Start of Block

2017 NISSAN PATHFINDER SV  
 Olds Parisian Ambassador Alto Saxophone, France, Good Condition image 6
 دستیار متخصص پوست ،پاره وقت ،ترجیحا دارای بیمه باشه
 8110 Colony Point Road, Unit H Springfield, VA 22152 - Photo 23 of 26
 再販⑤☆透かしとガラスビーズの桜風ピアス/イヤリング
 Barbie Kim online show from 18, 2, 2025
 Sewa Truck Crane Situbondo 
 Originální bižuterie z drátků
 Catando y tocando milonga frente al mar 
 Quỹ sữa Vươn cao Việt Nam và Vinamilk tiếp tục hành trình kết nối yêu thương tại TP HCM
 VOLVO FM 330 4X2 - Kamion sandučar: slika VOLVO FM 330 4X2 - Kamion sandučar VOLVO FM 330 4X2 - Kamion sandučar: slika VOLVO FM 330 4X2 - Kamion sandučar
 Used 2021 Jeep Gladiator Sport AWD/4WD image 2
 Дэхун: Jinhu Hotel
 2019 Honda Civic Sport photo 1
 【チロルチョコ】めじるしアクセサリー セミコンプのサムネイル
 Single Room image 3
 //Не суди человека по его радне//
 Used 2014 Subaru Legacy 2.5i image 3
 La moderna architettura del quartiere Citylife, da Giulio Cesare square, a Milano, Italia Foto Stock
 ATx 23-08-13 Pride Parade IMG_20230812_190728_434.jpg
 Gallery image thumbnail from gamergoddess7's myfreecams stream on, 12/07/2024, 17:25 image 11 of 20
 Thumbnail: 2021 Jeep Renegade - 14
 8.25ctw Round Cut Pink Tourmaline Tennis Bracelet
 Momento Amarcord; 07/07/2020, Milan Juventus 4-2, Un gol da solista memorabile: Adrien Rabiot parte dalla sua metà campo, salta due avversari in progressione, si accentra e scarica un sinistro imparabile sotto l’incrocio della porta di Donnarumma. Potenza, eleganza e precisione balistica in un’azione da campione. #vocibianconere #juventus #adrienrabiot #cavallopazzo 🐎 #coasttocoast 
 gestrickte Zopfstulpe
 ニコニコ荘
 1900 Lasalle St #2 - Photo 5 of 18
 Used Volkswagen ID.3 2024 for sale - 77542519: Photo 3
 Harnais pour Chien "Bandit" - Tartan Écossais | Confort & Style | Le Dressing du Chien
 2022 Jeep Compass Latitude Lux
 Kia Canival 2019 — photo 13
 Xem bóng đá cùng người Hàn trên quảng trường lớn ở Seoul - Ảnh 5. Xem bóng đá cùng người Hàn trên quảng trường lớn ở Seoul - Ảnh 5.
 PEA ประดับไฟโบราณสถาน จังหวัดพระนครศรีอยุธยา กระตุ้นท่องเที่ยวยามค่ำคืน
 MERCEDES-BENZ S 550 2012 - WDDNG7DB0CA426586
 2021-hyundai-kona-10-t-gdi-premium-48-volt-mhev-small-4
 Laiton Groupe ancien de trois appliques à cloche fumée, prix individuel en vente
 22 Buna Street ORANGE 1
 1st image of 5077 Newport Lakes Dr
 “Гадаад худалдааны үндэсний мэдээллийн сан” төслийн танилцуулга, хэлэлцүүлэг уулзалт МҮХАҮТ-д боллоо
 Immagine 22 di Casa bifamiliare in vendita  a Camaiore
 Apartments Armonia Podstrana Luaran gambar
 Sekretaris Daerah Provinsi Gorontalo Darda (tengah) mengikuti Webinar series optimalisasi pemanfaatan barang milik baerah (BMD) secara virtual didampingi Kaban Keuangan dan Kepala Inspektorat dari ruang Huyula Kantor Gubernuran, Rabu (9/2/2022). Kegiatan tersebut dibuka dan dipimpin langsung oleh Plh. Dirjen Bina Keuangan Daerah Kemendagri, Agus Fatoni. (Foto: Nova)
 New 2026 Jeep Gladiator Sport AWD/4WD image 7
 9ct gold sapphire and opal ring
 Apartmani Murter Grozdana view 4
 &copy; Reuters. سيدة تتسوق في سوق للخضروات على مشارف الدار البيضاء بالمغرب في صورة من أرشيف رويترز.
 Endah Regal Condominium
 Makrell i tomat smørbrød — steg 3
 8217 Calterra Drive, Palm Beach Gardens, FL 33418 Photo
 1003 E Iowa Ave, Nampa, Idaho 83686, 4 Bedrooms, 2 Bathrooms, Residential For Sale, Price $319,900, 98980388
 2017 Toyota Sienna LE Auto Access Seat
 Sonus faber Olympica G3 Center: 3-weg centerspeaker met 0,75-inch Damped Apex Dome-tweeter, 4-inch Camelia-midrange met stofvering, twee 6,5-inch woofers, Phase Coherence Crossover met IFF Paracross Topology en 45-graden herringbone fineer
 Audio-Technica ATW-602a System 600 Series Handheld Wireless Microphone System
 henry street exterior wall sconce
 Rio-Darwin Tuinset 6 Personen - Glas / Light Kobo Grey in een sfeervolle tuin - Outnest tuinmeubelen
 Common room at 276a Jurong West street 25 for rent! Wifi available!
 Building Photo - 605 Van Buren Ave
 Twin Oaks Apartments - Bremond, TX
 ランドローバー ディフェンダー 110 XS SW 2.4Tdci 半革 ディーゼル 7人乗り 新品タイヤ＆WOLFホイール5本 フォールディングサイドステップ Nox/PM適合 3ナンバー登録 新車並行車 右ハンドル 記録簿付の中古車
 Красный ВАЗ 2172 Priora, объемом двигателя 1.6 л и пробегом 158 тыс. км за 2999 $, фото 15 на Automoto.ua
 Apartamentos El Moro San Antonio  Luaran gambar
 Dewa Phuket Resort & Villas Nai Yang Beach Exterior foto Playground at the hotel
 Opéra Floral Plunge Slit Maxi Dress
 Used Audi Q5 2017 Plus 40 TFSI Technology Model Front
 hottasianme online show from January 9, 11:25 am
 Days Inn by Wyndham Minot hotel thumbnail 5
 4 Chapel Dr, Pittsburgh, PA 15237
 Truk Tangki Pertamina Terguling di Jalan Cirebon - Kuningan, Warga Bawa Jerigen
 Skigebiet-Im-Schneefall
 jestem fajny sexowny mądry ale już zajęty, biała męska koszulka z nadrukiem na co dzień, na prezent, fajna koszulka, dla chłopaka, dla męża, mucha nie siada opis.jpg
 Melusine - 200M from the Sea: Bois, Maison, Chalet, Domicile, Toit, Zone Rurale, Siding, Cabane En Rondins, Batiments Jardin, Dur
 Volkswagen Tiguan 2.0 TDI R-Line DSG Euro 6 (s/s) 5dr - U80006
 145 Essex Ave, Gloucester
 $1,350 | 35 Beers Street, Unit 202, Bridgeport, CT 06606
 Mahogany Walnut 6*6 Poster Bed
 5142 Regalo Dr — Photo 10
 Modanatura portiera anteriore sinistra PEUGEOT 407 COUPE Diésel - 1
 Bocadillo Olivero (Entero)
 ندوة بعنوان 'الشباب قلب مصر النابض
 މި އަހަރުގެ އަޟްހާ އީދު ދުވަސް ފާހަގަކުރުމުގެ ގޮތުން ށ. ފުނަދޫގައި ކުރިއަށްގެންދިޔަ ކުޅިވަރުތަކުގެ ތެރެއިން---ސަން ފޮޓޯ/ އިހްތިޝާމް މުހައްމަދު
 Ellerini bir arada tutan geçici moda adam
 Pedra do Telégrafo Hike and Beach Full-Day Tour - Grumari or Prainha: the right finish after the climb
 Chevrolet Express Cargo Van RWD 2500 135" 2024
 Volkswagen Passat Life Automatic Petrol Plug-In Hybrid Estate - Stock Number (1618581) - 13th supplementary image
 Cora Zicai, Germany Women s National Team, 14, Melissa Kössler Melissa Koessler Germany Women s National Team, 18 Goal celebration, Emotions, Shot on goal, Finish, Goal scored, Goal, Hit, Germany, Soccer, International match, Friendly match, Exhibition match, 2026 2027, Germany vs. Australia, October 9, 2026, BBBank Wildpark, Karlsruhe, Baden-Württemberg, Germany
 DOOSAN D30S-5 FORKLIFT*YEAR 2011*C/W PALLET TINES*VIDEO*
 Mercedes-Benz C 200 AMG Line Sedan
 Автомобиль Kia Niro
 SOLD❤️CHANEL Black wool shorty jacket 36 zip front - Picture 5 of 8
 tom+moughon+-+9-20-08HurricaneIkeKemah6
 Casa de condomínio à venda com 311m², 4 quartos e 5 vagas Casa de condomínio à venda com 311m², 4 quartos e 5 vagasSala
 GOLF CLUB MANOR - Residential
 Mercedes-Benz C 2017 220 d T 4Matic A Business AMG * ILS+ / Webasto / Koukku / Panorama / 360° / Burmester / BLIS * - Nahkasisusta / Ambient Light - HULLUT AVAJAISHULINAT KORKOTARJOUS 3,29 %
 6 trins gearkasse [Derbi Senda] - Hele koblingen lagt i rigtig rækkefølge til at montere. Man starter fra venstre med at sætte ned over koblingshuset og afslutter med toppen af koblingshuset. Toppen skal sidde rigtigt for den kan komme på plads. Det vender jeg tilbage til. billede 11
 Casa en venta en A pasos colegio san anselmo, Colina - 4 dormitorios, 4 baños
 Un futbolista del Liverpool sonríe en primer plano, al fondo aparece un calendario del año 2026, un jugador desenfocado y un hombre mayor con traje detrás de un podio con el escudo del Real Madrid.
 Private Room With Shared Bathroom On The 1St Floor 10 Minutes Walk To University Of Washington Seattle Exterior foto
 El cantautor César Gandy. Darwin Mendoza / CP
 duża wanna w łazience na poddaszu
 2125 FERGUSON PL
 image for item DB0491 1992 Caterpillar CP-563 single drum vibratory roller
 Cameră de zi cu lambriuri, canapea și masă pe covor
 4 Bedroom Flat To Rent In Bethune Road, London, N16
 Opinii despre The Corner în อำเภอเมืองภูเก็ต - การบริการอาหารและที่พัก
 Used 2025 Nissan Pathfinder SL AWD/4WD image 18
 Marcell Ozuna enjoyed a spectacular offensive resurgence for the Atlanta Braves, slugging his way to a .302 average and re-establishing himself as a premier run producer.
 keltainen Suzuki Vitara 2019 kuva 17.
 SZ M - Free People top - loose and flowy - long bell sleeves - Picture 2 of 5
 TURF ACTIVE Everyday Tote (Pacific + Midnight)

End of Block

Exercise prompt: Return only the lines between the one holding "Barbie Kim online show from 18, 2, 2025" and the one holding "2019 Honda Civic Sport photo 1", inclusive, exactly as they appear above.

Solution to the problem:
 Barbie Kim online show from 18, 2, 2025
 Sewa Truck Crane Situbondo 
 Originální bižuterie z drátků
 Catando y tocando milonga frente al mar 
 Quỹ sữa Vươn cao Việt Nam và Vinamilk tiếp tục hành trình kết nối yêu thương tại TP HCM
 VOLVO FM 330 4X2 - Kamion sandučar: slika VOLVO FM 330 4X2 - Kamion sandučar VOLVO FM 330 4X2 - Kamion sandučar: slika VOLVO FM 330 4X2 - Kamion sandučar
 Used 2021 Jeep Gladiator Sport AWD/4WD image 2
 Дэхун: Jinhu Hotel
 2019 Honda Civic Sport photo 1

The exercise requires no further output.